“….most big fires are driven by drought and wind (climate) not by the amount of fuels or forest conditions.”
Forest Unlimited: Logging effects on wildfires
Forest Unlimited Supporters,
We know that on people’s minds that live in Sonoma County, California, and other areas is the wildfire threat and what is best to be done about it. There are two articles: one by Ralph Bloemers, a restoration worker in fire zones; and the Chapparral Institute on Logging can make fires worse. Also in the article below is information about using sprinklers to protect your home in case of a wildfire.
Larry Hanson, Board Pressident
Forest Unlimited
From Ralph Bloemers (Ralph has had extensive experience in restoration of burned over forests)
Friends – for 20 years I have spent time in burned landscapes, with fire experts, biologists, foresters and ecologists. I have also visited with home safety experts, firefighters and first responders.
Last year I testified numerous times to the Oregon Wildfire Council about the need for Oregonians to harden their homes to fire.
I have also spent the last three years with Trip Jennings and Sara Quinn making films about fire in the West and the solutions. The feature length film is called Elemental and it is almost complete. The message from the experts is clear.
1) most big fires are driven by drought and wind (climate) not by the amount of fuels or forest conditions. While vegetation and topography are important factors, remember grasslands and shrublands burn too. In CA this year nearly 70 percent of landscapes that burned so far were not forestlands.
2) forest management – thinning, logging, clearing is a shot in the dark and often increases fire danger. Around homes it can help to reduce the immediate risk and provide for defensible space, but in the backcountry or further from homes it makes little to no difference in terms of home safety. And the forest grows back. We do not have enough money to tend 350 million acres, and often the tending is logging that takes the most fire resistant material.
3) in extreme fire weather firefighters just try to help people escape. They don’t have enough wet stuff to put on the red stuff. We need to stop believing that firefighting will save us and put out fires. In Detroit-Idanha, the firefighters fled. In Paradise the first responders told us they would have needed every fire truck from ALL of California in town within 1 hour to be able to save SOME of the homes. The fire hit the town in about 2-3 hours after ignition as it moved very rapidly (3x normal rates) through previously logged and salvaged areas.
AND, most important
4) if we want to protect homes and communities from fire, then we have to harden our homes to fire, prevent ember penetration and ignition. And it is relatively easy and not high cost. Cover vents, clean gutters, hardscape perimeter, use non-flammable materials on the exterior…

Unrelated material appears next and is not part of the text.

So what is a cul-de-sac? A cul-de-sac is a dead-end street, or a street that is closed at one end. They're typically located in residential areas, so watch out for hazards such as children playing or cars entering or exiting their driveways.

As to the long held belief, promoted by industry, that it is a problem in our forests, that logging-management-thinning can solve it — well it does not hold up to scrutiny. Let’s take a look at just one example.
The Bear fire in the northern Sierra Nevada blew up.

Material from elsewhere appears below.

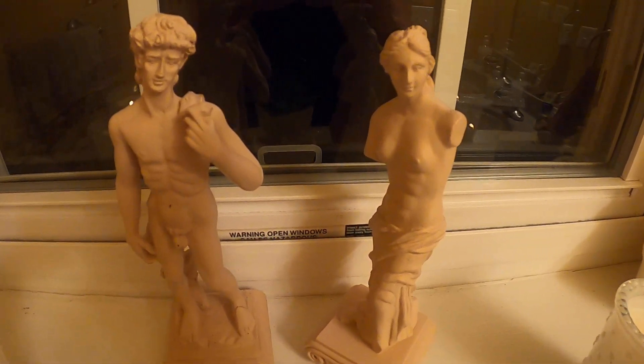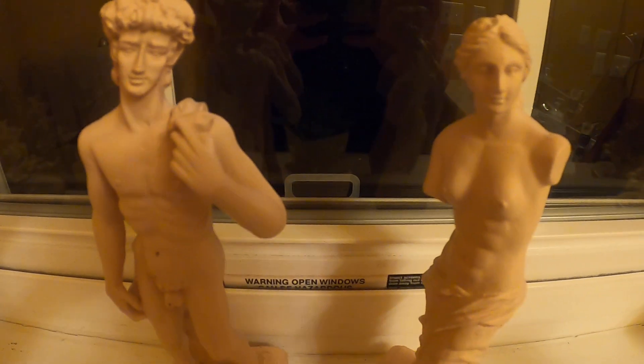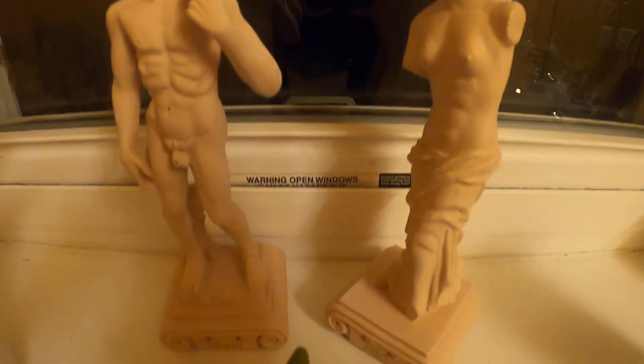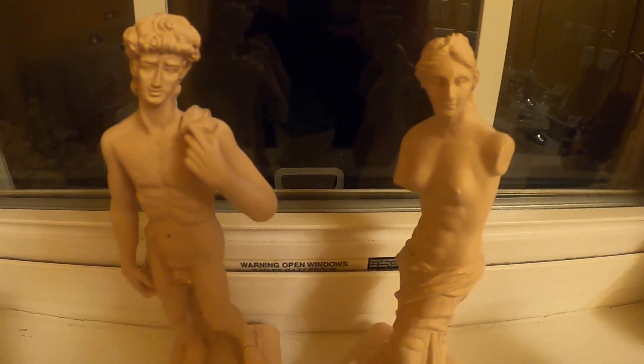Hello YouTube viewers and thank you for tuning into my channel. Here I bring you a dollar haul — these two statues. Each one was a dollar at a yard sale.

This area has been heavily logged over the past couple of decades–clearcuts, commercial thinning, “salvage” logging of snags, you name it, mostly on private lands but also quite a bit on National Forests too. The Bear fire just dramatically expanded today when it got to this massive area of heavy logging. The fire is now over 200,000 acres (mostly from last 24 hours), and at least three people have been killed as of now. There will likely be more. This situation is very much like the Camp fire that hit Paradise in terms of the direct threat of recent logging to lives and homes, by contributing, along with the dominant force of extreme weather and climate change, to very rapid rate of fire spread, giving people little time to evacuate.
At this point, anyone–including you and any reporters, agency or university scientists–who is still promoting logging as “fuel reduction”, and saying the problem is in our forests, or a lack of firefighting resources — or denying the fact that weather and climate change are the dominant drivers of fire behavior – or not acknowledging the fact that logging is a substantial additional contributor to increased fire spread and intensity, is really just putting people at greater risk.

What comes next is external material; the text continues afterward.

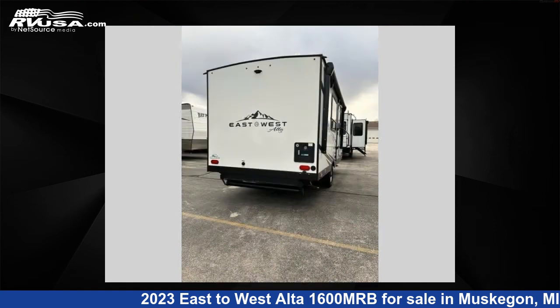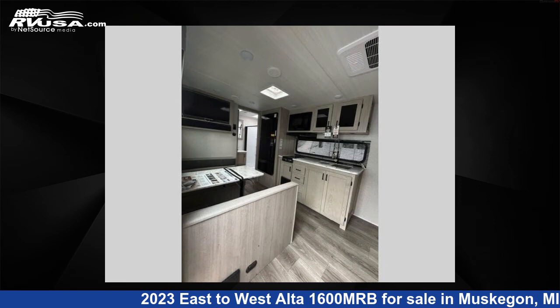This new East to West features sleeps 4 and 46 gallons fresh water capacity. The floor plan layout of this travel trailer features a front living area, Murphy bed, and rear bath.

ALSO The Chapparral Institute’s article: AGAIN – Past Logging Makes a fire worse
AND Concerning the past few weeks:
So many families have been devastated by the fires ripping through our communities. Our hearts go out to all of you. It becomes so overwhelming, hope is hard to come by, especially since this kind of heartbreak has been repeated so many times. But there are a thousand remarkable stories of people helping each other, sharing love. That’s one of our strengths, to care for each other in time of need.
Despite the slow progress in developing real solutions to prevent wildfire disasters to our communities, we do see hope.
– Innovative fire chiefs like Chief Brian Fennessy of Orange County Fire are embracing the idea of living with Nature by making our homes fire resistant rather than eliminating the natural environment we love. Please see his letter to Governor Newsom.
– Homeowners are refusing to enable dependency on dysfunctional government agencies and are implementing their own fire safety strategies like exterior sprinklers.
– More people are finally listening to the warnings from the next generation that climate change is not only the driver of extreme wildfires, but is the single greatest threat to our future.
– The idea of holding planning agencies and local politicians accountable for criminal negligence when they approve developments in extremely high fire hazard areas is finally being discussed.